TASK: Using the records below, transcribe exactly only the lines from the one with "Analyzing data for" through the end, both included, and drop every picture.

* * *

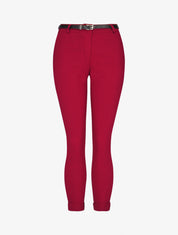 Pantalon 7/8 uni à revers - Bordeaux - 1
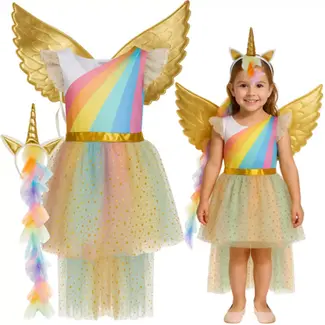 Kruzzel Unicorn / eenhoornkostuum 122‑128 cm – jurk, vleugels & hoofdband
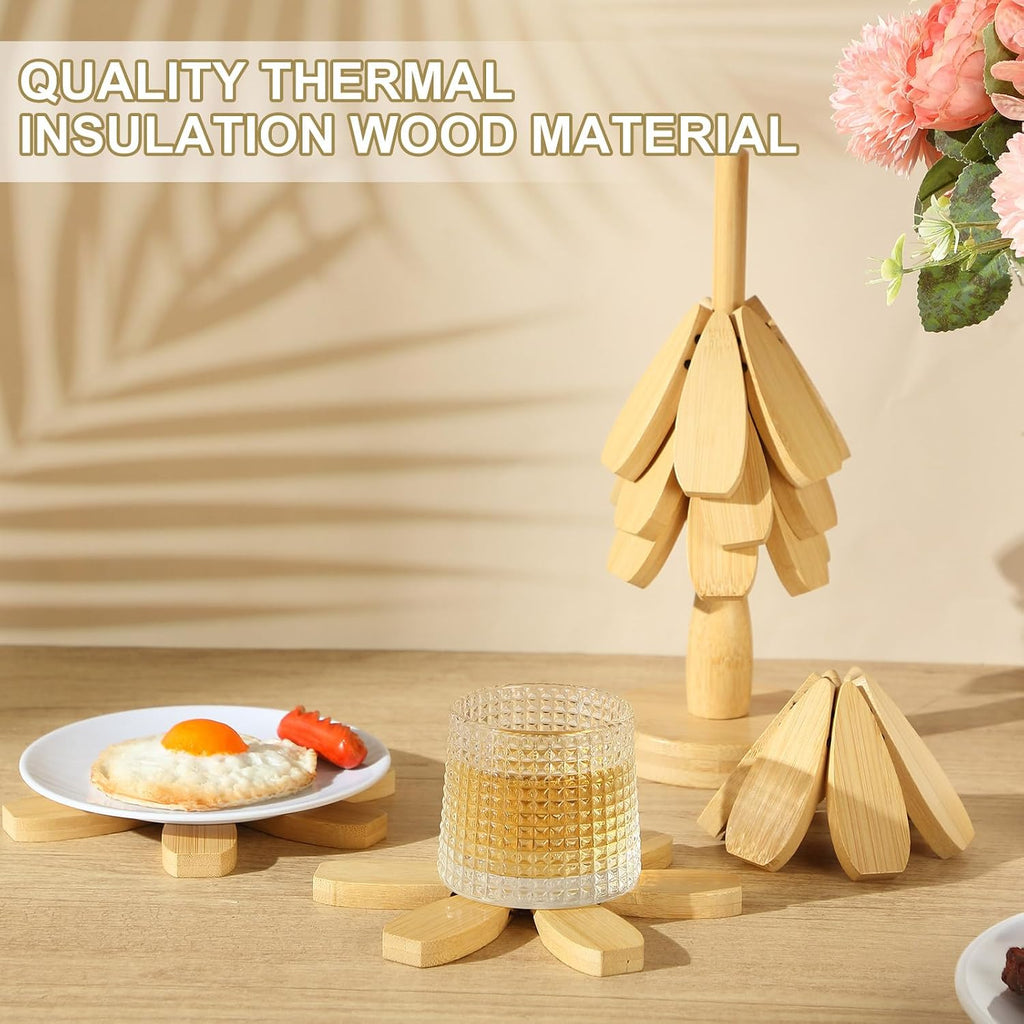 Tree Coasters, Wooden Trivets for Hot Dishes, Stackable Trivet Set with Stand, Foldable Bamboo Wood Tree - Set of 6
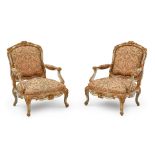 Louis XV-style Painted and Giltwood Armchairs, France, 19th century,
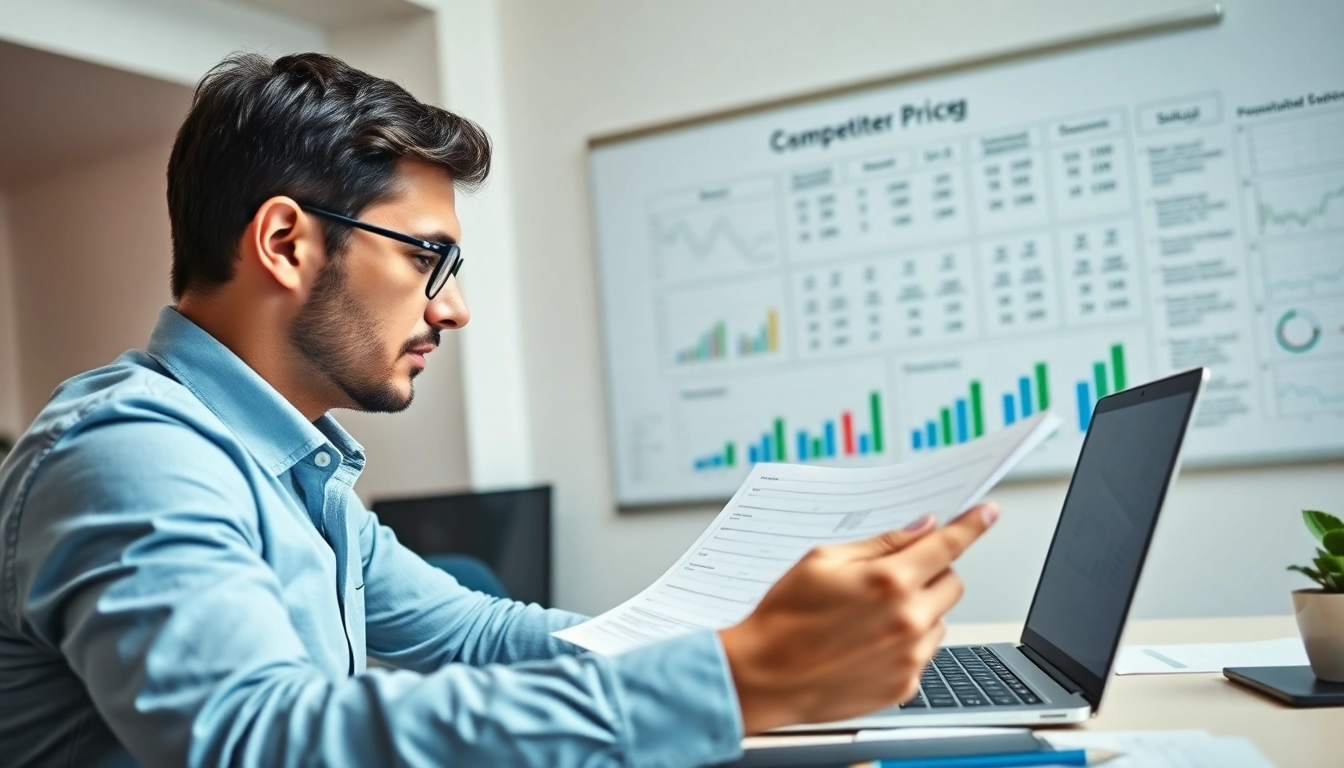 Analyzing data for competitor pricing research in a professional business setting.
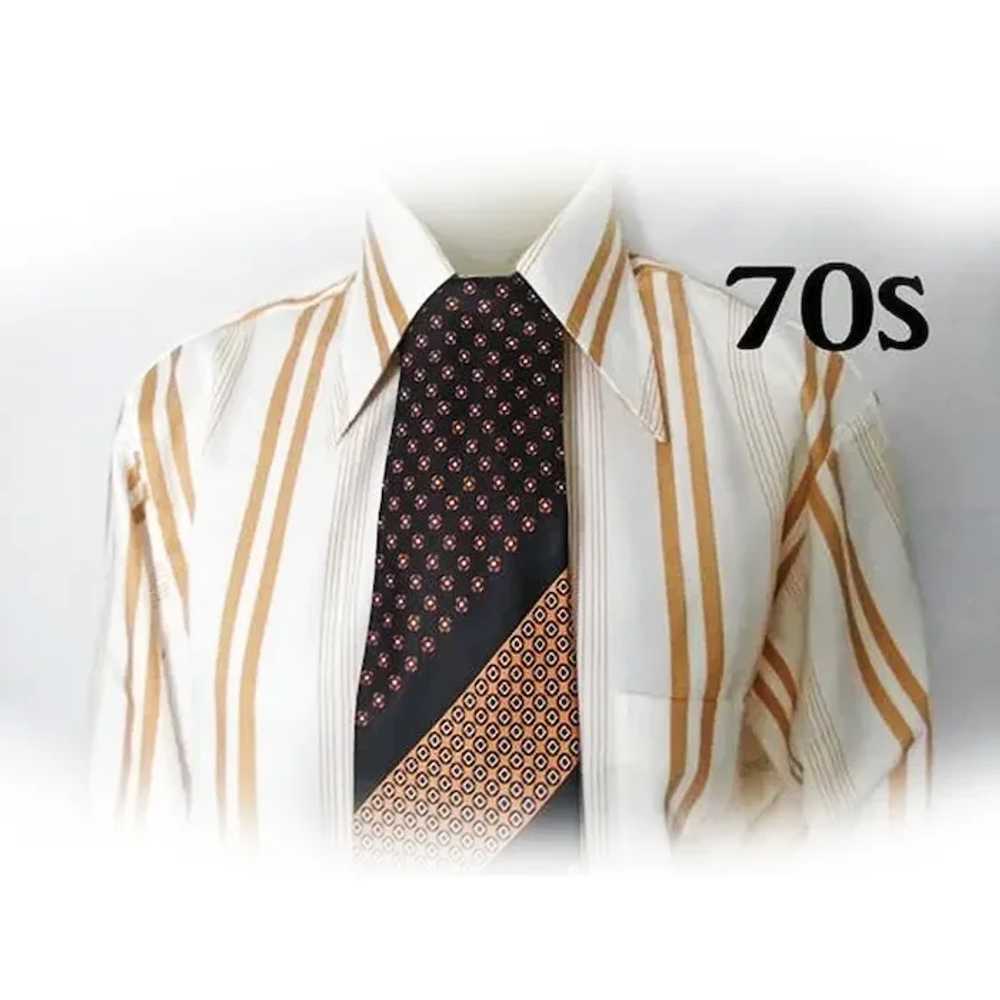 70s Wide Tie Brown Shades Mixed Print, Dark Acade… - image 3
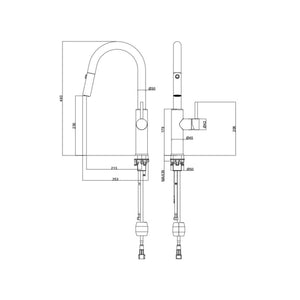 LINSOL HALO S2 PULL OUT SINK MIXER 440MM BRUSHED BRASS
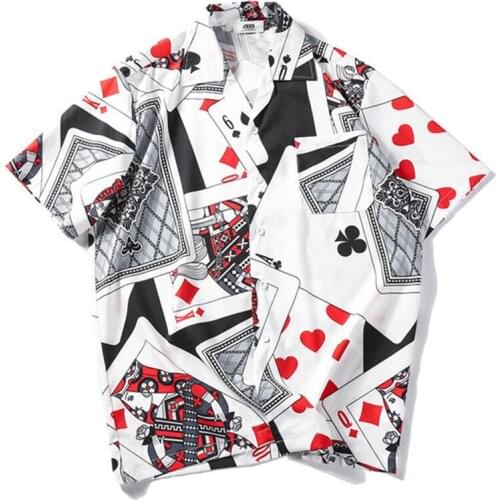 Hawaiian Shirt Streetwear Men Hip Hop Shirts Graffiti Print Harajuku Beach Shirt Summer Casual Shirt Tops Short Sleeve HH188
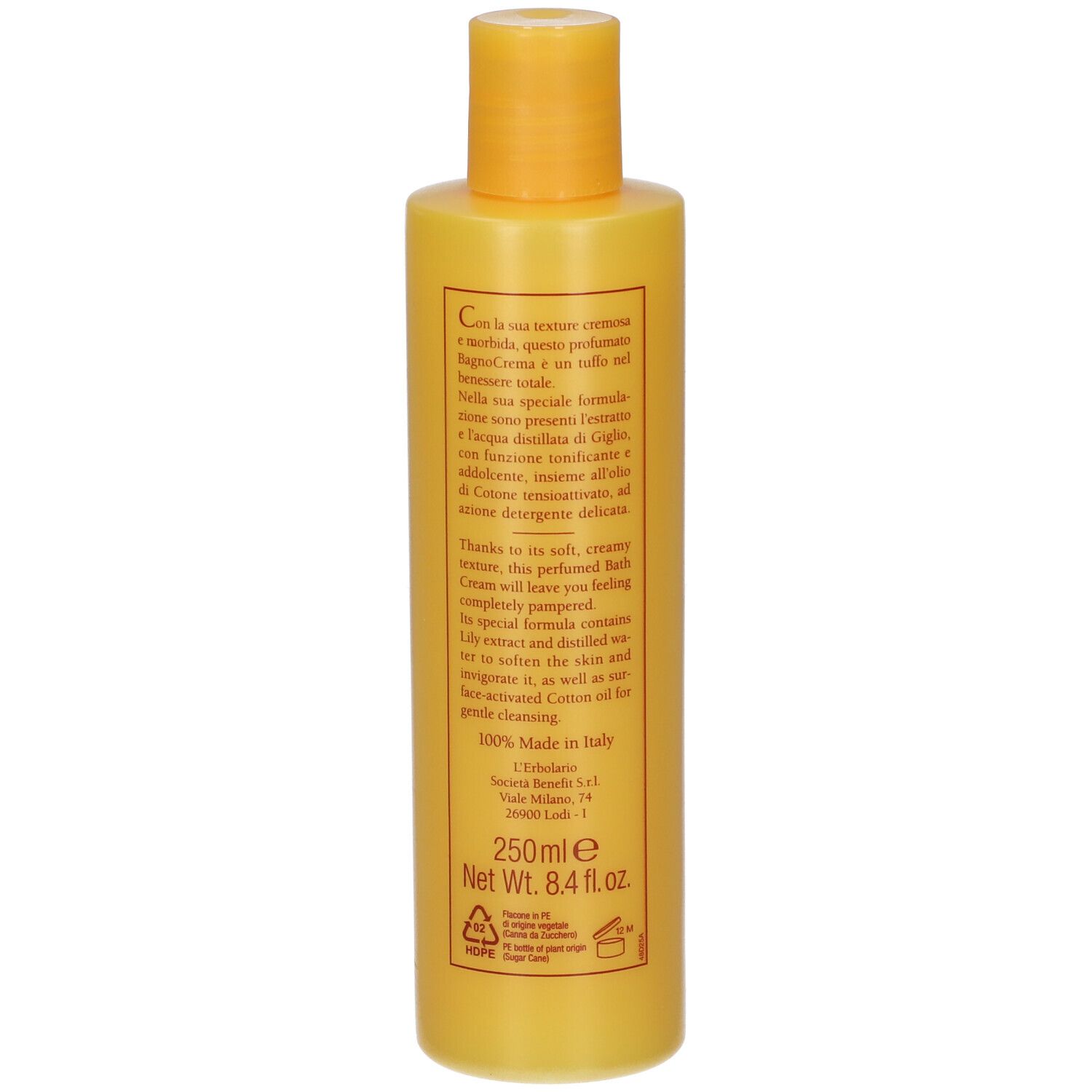 Flacone in plastica giallo con tappo a vite giallo. Etichetta con informazioni sul prodotto e indicazione di 250ml.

* * *

OUTPUT OF THE TASK:
 Analyzing data for competitor pricing research in a professional business setting.
 70s Wide Tie Brown Shades Mixed Print, Dark Acade… - image 3
 LINSOL HALO S2 PULL OUT SINK MIXER 440MM BRUSHED BRASS
 Hawaiian Shirt Streetwear Men Hip Hop Shirts Graffiti Print Harajuku Beach Shirt Summer Casual Shirt Tops Short Sleeve HH188
 Flacone in plastica giallo con tappo a vite giallo. Etichetta con informazioni sul prodotto e indicazione di 250ml.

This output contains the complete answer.